そして、娘たちにとって初めてとなる「身近な人の死」が近づいている今。思春期ならではの混沌を抱えた彼らにとって、このいのちのバトンはきっと大きなものになる。これは母がくれる、孫たちへの最大にして最後のギフトになるのだ。


母に検査のことを伝え、もしもなにか見つかっても、緩和ケアという選択肢もあるよと伝えると「ああ、うれしい」と涙ぐむ。再び抗がん剤治療になるかもしれないと言われたことを、ひそかに負担に感じていたらしい。

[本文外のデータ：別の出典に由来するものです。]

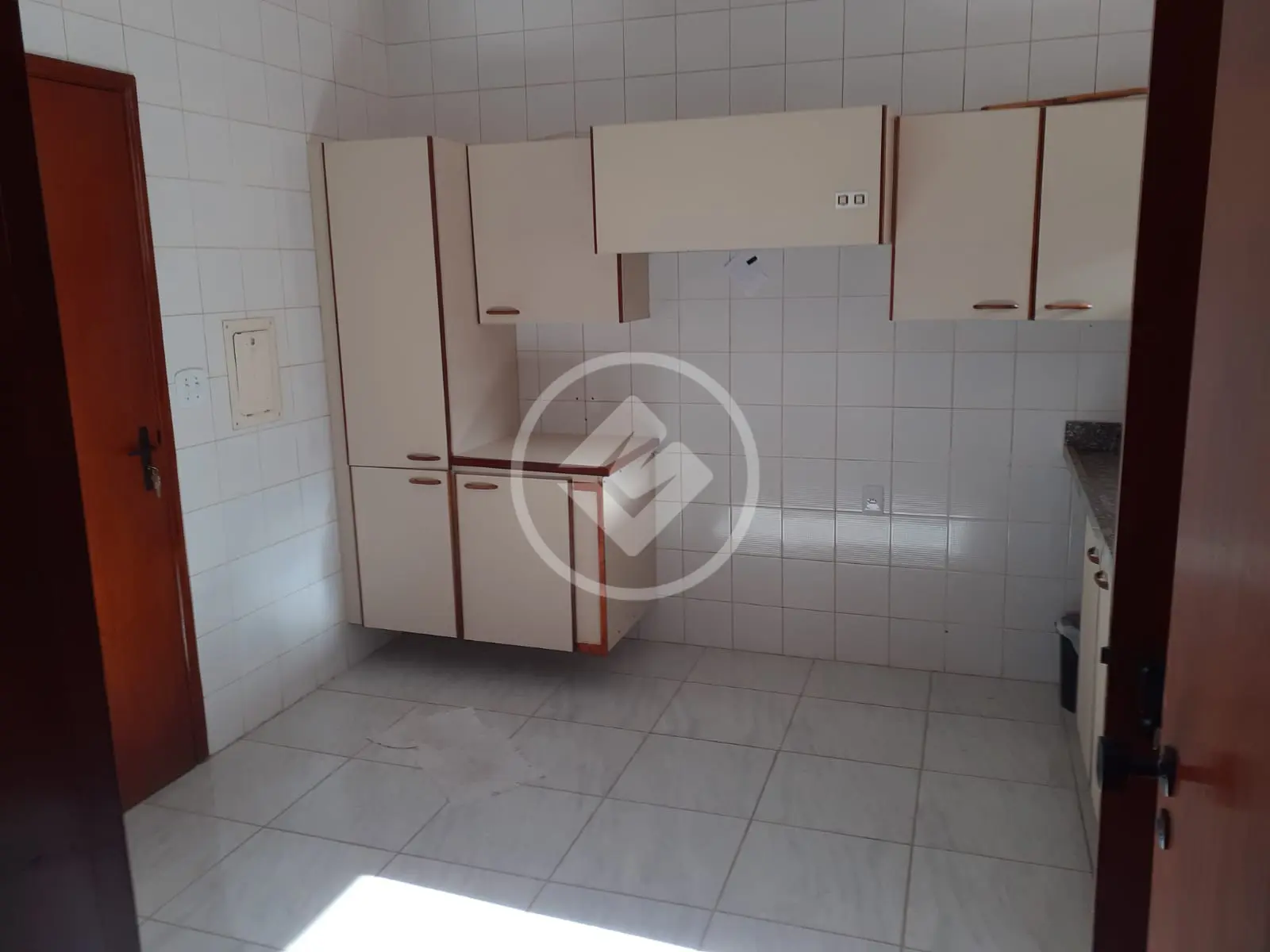 Imagem 2 - Apartamento em Parque dos Bandeirantes, Ribeirão Preto - SP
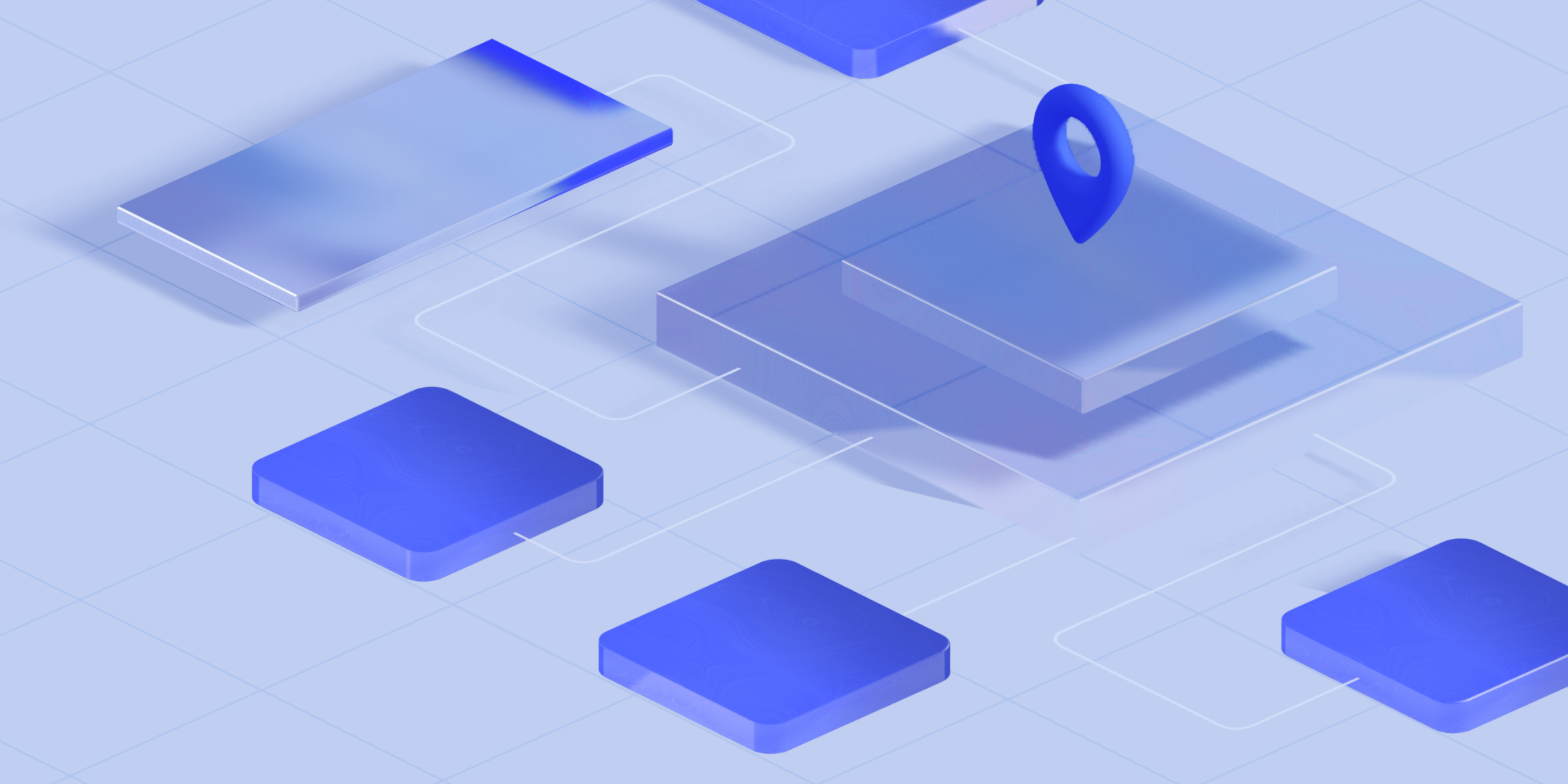 Picking Communities for a Centralization Pilot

「ね、ね、メッセージボトル作らない?子どもたちが拾い集めたシーグラスや貝殻を、お母さん、取ってくれているでしょう?あれを一緒に入れようよ。未来へつなぎたい想いを込めた、宝物にしよう」。

家に帰り、ボトルとシーグラス、カラフルなペンとマスキングテープを並べ、見本で作ったメッセージボトルを見せたら、「楽しそう。かわいいね」と母。気分のいいときに、少しずつ、手紙を書いてもらうことにした。

つらさや不安を忘れる時間を、少しでも増やしてあげたい。今はただ、そう思う。